WHAT TO DO: Give again, word for word, every line in the entries below from the line with "1 Caja de Pétalos" up to and including the line with "名古屋市東山動植物園に投稿された画像（2025/10/12）", and no other line.

SUPPLIED ENTRIES:
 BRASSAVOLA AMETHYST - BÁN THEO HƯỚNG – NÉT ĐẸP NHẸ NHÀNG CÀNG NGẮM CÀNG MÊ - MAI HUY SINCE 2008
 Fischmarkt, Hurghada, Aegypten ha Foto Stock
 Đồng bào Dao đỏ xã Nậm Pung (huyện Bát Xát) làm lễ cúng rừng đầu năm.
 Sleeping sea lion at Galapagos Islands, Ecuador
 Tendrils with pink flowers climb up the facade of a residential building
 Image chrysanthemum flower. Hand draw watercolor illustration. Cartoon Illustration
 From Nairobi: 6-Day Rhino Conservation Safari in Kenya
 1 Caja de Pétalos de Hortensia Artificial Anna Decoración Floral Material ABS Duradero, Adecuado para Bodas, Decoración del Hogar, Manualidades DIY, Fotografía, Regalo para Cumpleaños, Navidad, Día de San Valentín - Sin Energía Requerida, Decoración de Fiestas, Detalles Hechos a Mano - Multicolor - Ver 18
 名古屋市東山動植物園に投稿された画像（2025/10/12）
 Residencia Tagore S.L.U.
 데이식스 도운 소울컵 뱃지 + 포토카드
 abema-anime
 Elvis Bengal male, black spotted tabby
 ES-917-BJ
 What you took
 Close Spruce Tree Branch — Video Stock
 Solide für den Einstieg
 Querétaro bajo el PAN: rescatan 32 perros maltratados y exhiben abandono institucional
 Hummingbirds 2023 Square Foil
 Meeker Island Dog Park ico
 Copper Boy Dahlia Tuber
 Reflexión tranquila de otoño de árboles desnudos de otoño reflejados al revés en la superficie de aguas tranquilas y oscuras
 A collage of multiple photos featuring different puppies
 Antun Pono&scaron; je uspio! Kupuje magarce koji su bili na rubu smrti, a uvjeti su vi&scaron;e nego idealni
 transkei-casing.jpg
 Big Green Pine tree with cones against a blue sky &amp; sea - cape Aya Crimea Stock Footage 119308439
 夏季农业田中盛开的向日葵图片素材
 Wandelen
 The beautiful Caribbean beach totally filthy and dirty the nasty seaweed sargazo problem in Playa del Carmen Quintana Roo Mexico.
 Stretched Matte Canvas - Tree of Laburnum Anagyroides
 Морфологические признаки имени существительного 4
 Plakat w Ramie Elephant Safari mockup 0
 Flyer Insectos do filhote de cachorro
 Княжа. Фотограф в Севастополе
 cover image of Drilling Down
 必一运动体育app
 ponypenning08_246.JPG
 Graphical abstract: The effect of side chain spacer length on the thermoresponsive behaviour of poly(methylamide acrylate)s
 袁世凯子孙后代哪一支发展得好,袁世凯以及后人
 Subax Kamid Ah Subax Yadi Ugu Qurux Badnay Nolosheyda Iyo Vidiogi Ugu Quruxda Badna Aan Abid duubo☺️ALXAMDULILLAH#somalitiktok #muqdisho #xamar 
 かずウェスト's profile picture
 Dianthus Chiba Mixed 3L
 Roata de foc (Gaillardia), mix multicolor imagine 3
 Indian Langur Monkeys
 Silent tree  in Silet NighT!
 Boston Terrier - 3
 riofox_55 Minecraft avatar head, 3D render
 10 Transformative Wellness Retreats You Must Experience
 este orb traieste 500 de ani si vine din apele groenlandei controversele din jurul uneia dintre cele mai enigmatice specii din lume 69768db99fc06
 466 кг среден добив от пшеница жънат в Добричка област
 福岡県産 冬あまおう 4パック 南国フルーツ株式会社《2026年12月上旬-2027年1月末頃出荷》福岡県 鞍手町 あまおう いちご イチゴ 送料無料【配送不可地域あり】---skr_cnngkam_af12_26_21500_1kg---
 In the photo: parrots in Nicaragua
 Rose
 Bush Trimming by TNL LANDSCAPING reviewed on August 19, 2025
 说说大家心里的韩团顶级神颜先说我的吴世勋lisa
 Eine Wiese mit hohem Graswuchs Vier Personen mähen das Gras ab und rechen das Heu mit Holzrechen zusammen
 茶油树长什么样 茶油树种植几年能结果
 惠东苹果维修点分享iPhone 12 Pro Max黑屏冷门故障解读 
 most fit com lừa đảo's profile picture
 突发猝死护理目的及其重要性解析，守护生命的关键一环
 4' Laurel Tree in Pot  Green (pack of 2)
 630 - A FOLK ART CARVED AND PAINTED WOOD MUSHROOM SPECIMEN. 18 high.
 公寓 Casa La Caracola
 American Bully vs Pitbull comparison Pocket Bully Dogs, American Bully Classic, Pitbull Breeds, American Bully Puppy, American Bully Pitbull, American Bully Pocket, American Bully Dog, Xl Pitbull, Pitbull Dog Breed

ANSWER FOR THE TASK:
 1 Caja de Pétalos de Hortensia Artificial Anna Decoración Floral Material ABS Duradero, Adecuado para Bodas, Decoración del Hogar, Manualidades DIY, Fotografía, Regalo para Cumpleaños, Navidad, Día de San Valentín - Sin Energía Requerida, Decoración de Fiestas, Detalles Hechos a Mano - Multicolor - Ver 18
 名古屋市東山動植物園に投稿された画像（2025/10/12）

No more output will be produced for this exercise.